Directions
Repeat, exactly as written, all of the entries, but not their pictures.

Source records:
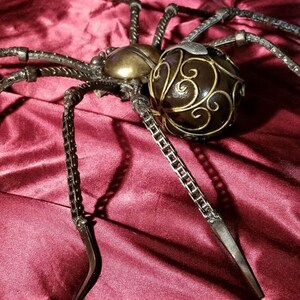 May include: A large, metal spider sculpture with a detailed, ornate, brown and gold body. The spider is made of chains and metal rods and is posed on a red velvet surface.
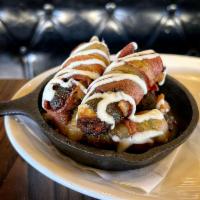 Vampire Jalapeno Poppers · Spicy jalapeños stuffed with our Signature Vampire Dip and wrapped in Hardwood Smoked Bacon,...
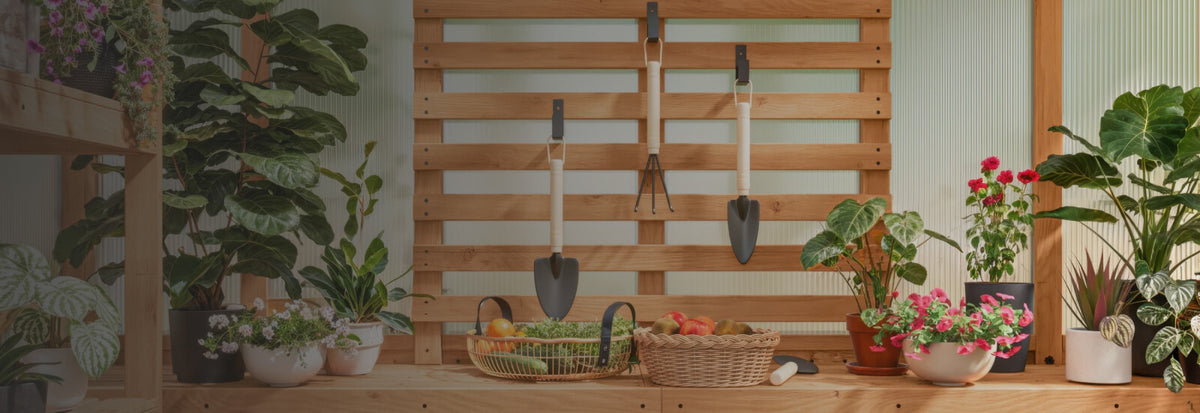 A wooden slat wall-mounted tool rack holding two garden trowels, styled in a garden room with potted plants, baskets of fruit, and a wooden bench.
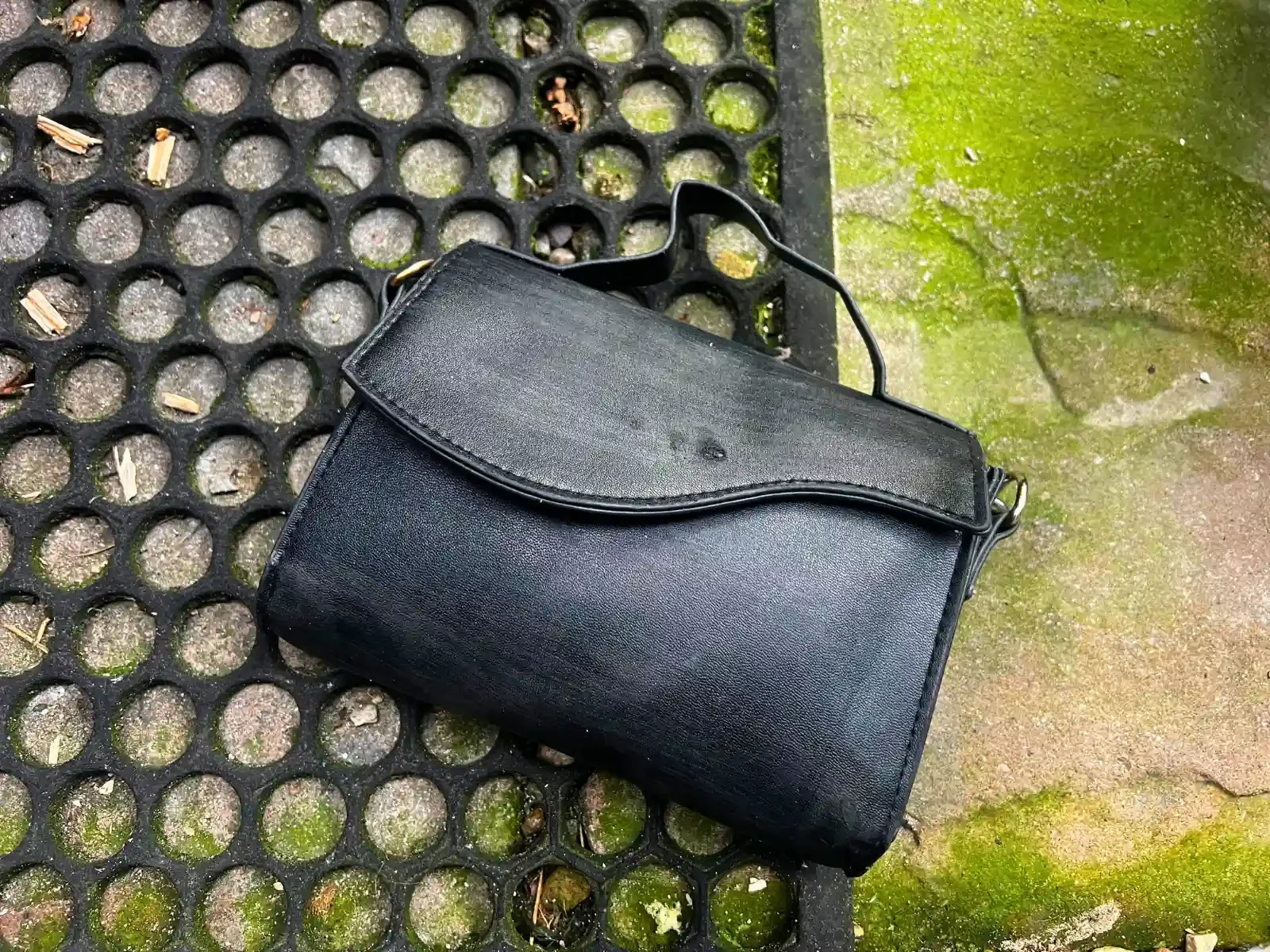 Black thrift store handbag on concrete with green moss, and black rug with holes in.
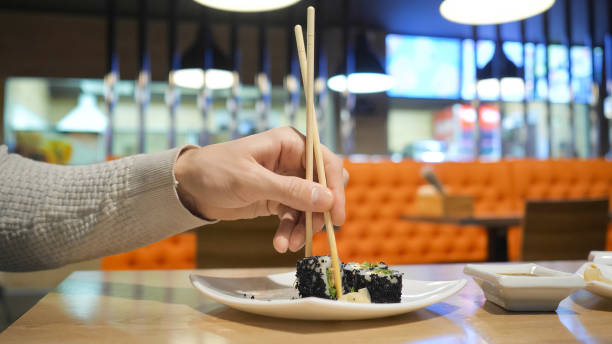 istock Young guy with chopsticks takes sushi from a plate in a japanese restaurant 1127927018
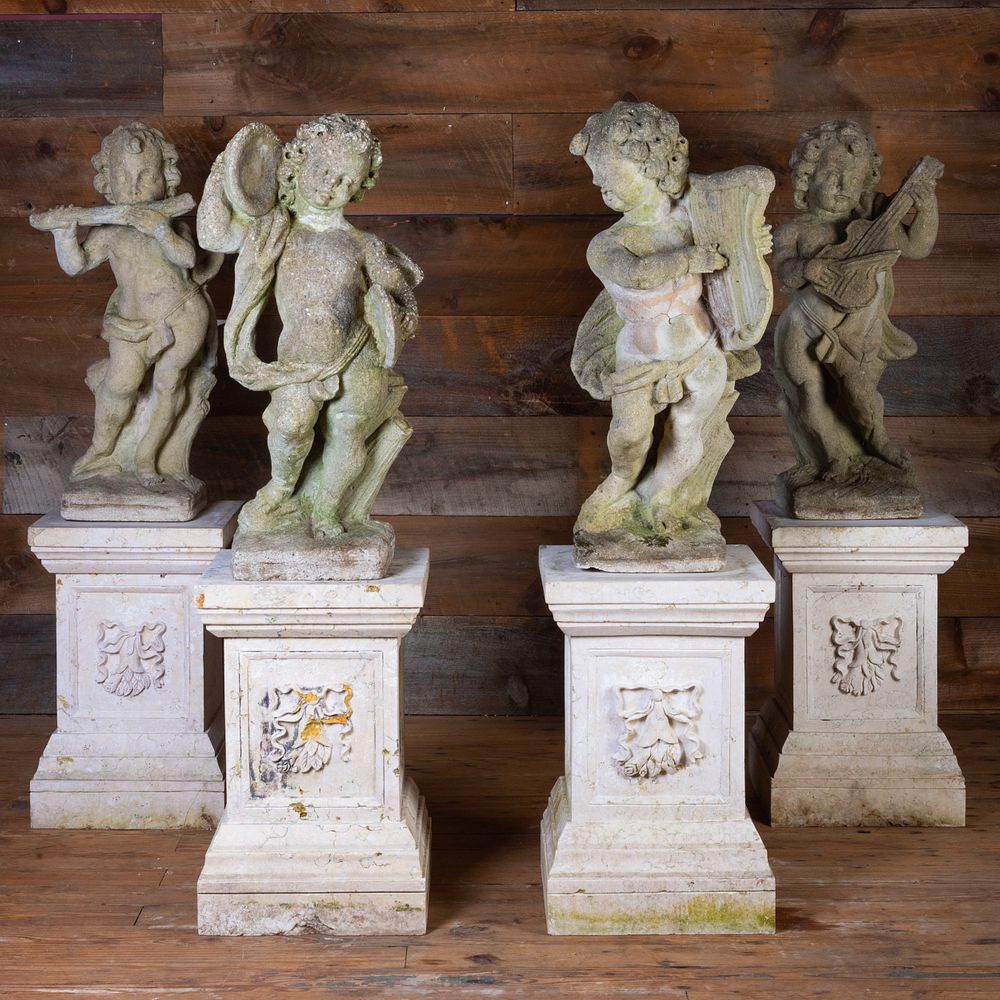 Appraisal: Set of Four Cherub Form Cast Stone Musicians on Matching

Solved problem
 May include: A large, metal spider sculpture with a detailed, ornate, brown and gold body. The spider is made of chains and metal rods and is posed on a red velvet surface.
 Vampire Jalapeno Poppers · Spicy jalapeños stuffed with our Signature Vampire Dip and wrapped in Hardwood Smoked Bacon,...
 A wooden slat wall-mounted tool rack holding two garden trowels, styled in a garden room with potted plants, baskets of fruit, and a wooden bench.
 Black thrift store handbag on concrete with green moss, and black rug with holes in.
 istock Young guy with chopsticks takes sushi from a plate in a japanese restaurant 1127927018
 Appraisal: Set of Four Cherub Form Cast Stone Musicians on Matching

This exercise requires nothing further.